Performance Monitoring: In many applications, it is necessary to capture large amounts of data for analysis and to retain some interval of data obtained. Utilizing our example on the wireless phone service above, we may have a requirement that we wish to record the following types of attributes of each call for the purposes of establishing quality of service:

• Call start time
• Call start cell location
• Call end time
• Call end cell location
• Signal grade (A, B or C)
• Signal lost flag (Y, N)

Note that there is no requirement to store customer information - just raw call information. This data is then analyzed to assess whether there is a need to improve signal quality in particular locations. We may wish to keep 90 days worth of call data but no longer than that to establish quality of service trends.

It is easy to store up to millions of calls per week for a regional wireless phone service provider. Since there is a requirement to delete data more than 90 days old, it could be necessary to delete hundreds of thousands of records each day. In a RDBMS, deleting such a number of records also means modifying huge index trees. This will typically take hours in an RDBMS. However, if we created containers to store the call record objects for a single day, we can just drop the containers in Objectivity/DB in seconds.

In terms of visualizing this application on the concurrency-throughput graph, this would be represented as line C on the graph which is near the leftmost edge of the elliptical area.

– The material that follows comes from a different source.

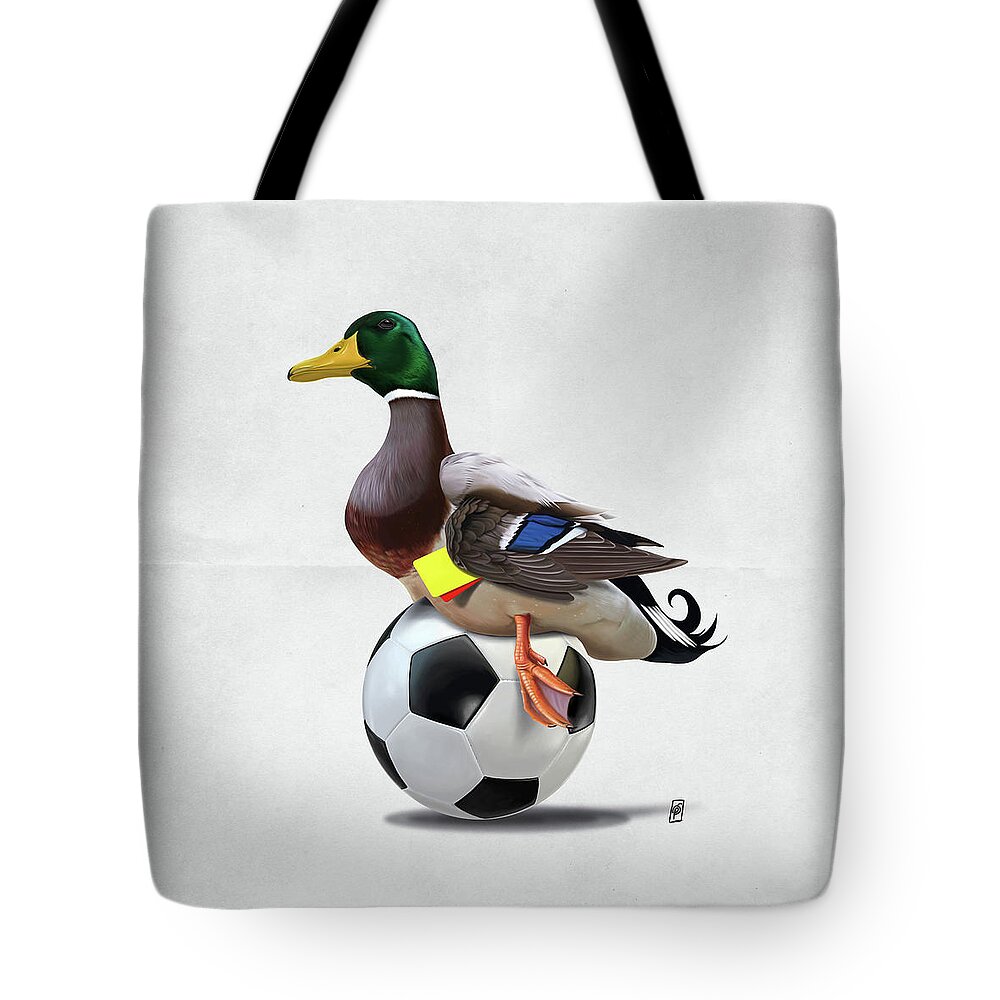 Illustration Tote Bag featuring the digital art Fowl Wordless by Rob Snow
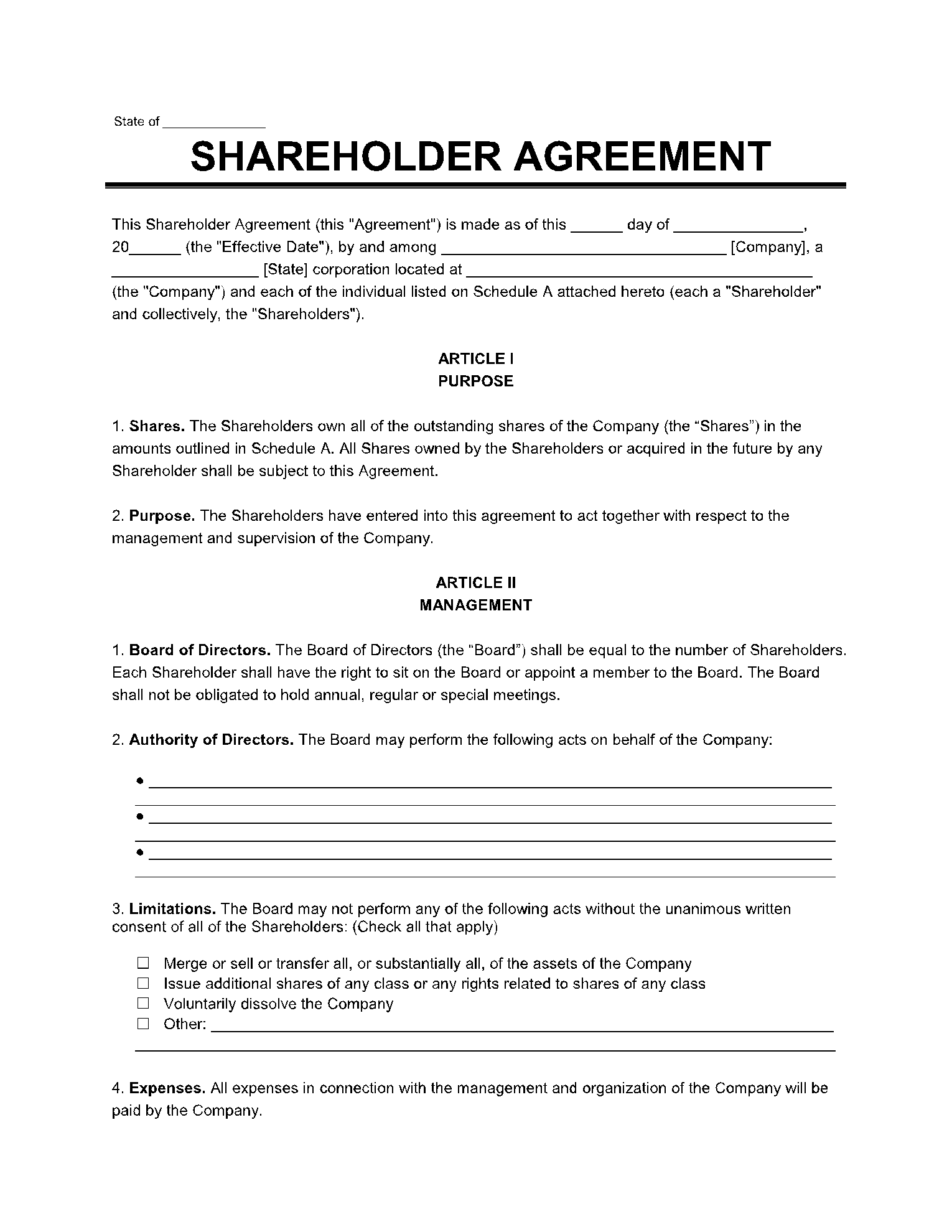 Company Shareholders Agreement Template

Data Warehousing usually requires that multiple servers be used to contain, manage and query the data. With Objectivity/DB, data distribution and management are very transparent and scalability is unmatched.

OLAP Cubes: Online Application Processing uses a multidimensional database and is often viewed as a cube. The diagram below shows the classic OLAP cube with the three axes to represent time, product and market. By making graduations across each axis, we could break up the data into smaller pieces, called “cubelets”. We can picture queries as operations on rectangular slices cut in that cube. If we have a sale of Product X which was sold in the New York market in January 1999, that piece of data is then in the cubelet which is at the intersection of Product X, January 1999 and New York (see blackened area in diagram).

If we wanted to analyze data in just these three dimensions, you can effectively store all data in cubelets and make each cubelet a container in actual implementation. This natural partitioning of data into a cubelets/containers simplifies searches as well as analysis since we do not have to scan through large tables as in a RDBMS. A new product means we have to create a new array of containers in which to put the data. A scan over the time history of a given product in a given market would mean that we would retrieve only the relevant containers for that product for a specific market. We would not be scanning through and filtering non-qualifying data at all much less bring them from disk to main memory. Of course, in reality we would use more dimensions and therefore the cubelet could be viewed as a cube in itself with its own dimensions and implement containers at that level or we could implement additional dimensions in terms of data structures within the container. Combine this with the fact that indexes can be created within a container for data only in that container and you have a fairly good query capability even if you did not design in a dimension initially. Objectivity/DB also excels at scanning data even if it is not indexed and this makes it a strong contender when you wish to perform OLAP or multidimensional database type work. In fact, the time it takes to scan a flat file and an Objectivity/DB container with the same data is not significantly different.

Whatever the actual design or implementation, we have within Objectivity/DB a powerful architecture utilizing containers.